If a 1911 can't reliably handle 100 rounds of factory ammo, including some fast shooting, there is a problem. And there are some problem guns out there. I've owned one or two.
Gun matches run the gun hard and can reveal reliability problems with a gun. They can also expose ergonomics and other problems with the guns that may not be apparent at regular shooting sessions. Shooting competition puts you under some pressure to shoot so that your marksmanship and manipulation skills have to be honed. But you don't need 3 gun to train, and certainly not to be able to defend yourself. There are also other ways of running the gun hard on the shooting range.
I would want to do some realistic drills on my own with any gun that I might use for home defense--and not just fire a few rounds offhand and call it good. You want to start each drill with the gun in low ready with the safety on.

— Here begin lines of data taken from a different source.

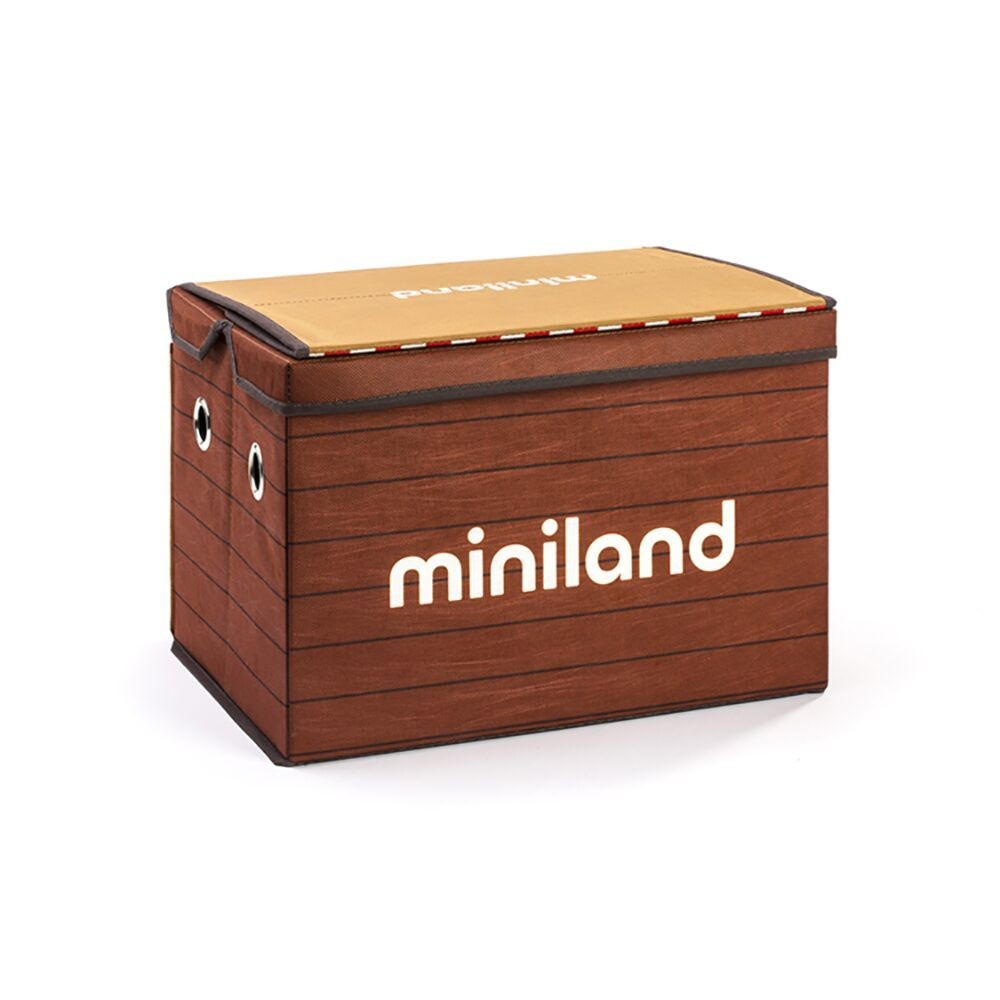 Miniland sulankstomas prekystalis - Image 4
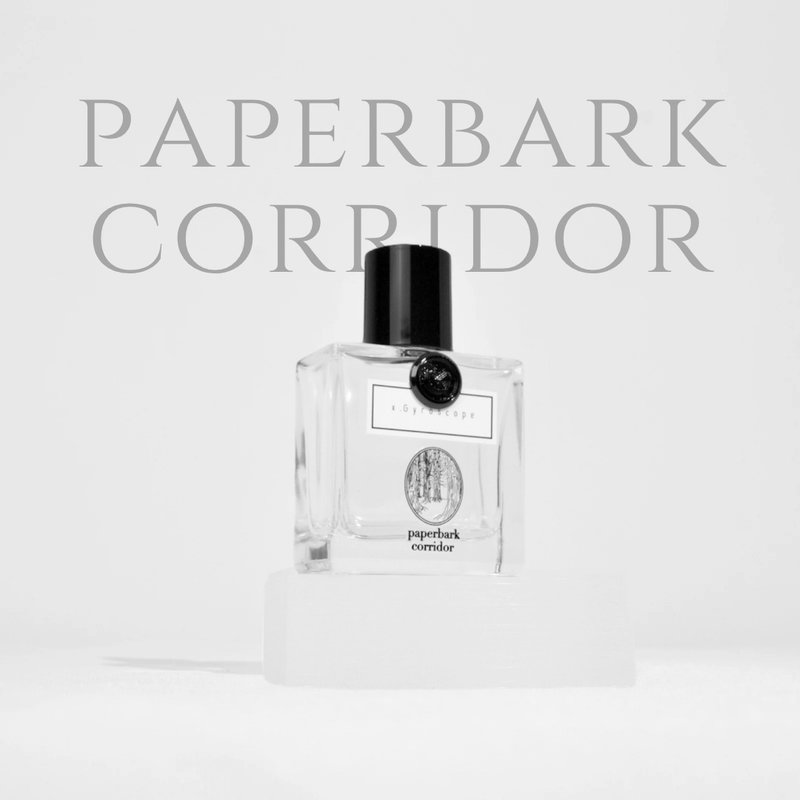 Paperbark Corridor White Thousand Perfume | Green Birch | Hong Kong Grand Tour | EDP - น้ำหอม - สารสกัดไม้ก๊อก ขาว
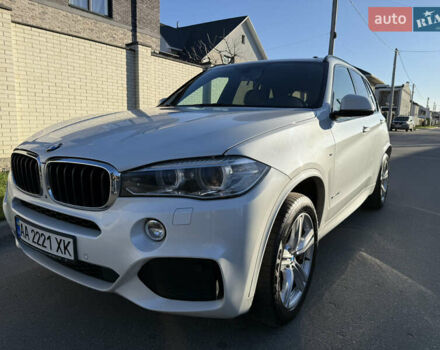 Белый БМВ Х5, объемом двигателя 2.99 л и пробегом 200 тыс. км за 42999 $, фото 13 на Automoto.ua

For example, fire one magazine worth of ammo where you bring the gun up from low ready while disengaging the safety and firing one shot. Then engage the safety and bring the gun back to low ready and repeat again until you have expended the rounds of one 20 round Ruger mini-14 magazine. Then fire one magazine's worth of bringing the gun up, disengaging the safety and firing two shots. Then safety on and back to low ready. Then do a magazine's worth of failure drills where you fire two shots to the body and one to the head. Then do three magazines worth of non standard responses--meaning bring the gun up from low ready, while disengaging the safety and then fire from 3-6 rounds as fast as you can accurately get hits. You vary the number of shots you fire each time you bring the gun up from 3-5, hence the name non-standard response:
https://pistol-forum.com/showthread....nsive-shooting Try to integrate multiple target drills where you have to fire rounds at one target and then fire them at a second target. This can even be two bulls on one target at close range if that is all you can do. You want to shoot those drills as fast as you can while getting accurate hits.
We are comparing it because Glenn included a Mini-14 in his study and concluded that it would look better in court. If we are talking about some place a standard AR is legal I would much prefer an AR over the Mini-14 for reasons of reliability, durability, better ergonomics, easier to mount things like a red dot sight which is a game changer over iron sights.
Question: are you restricted from owning and using a 20 round magazine for your mini, or does it restrict the sale of new magazines?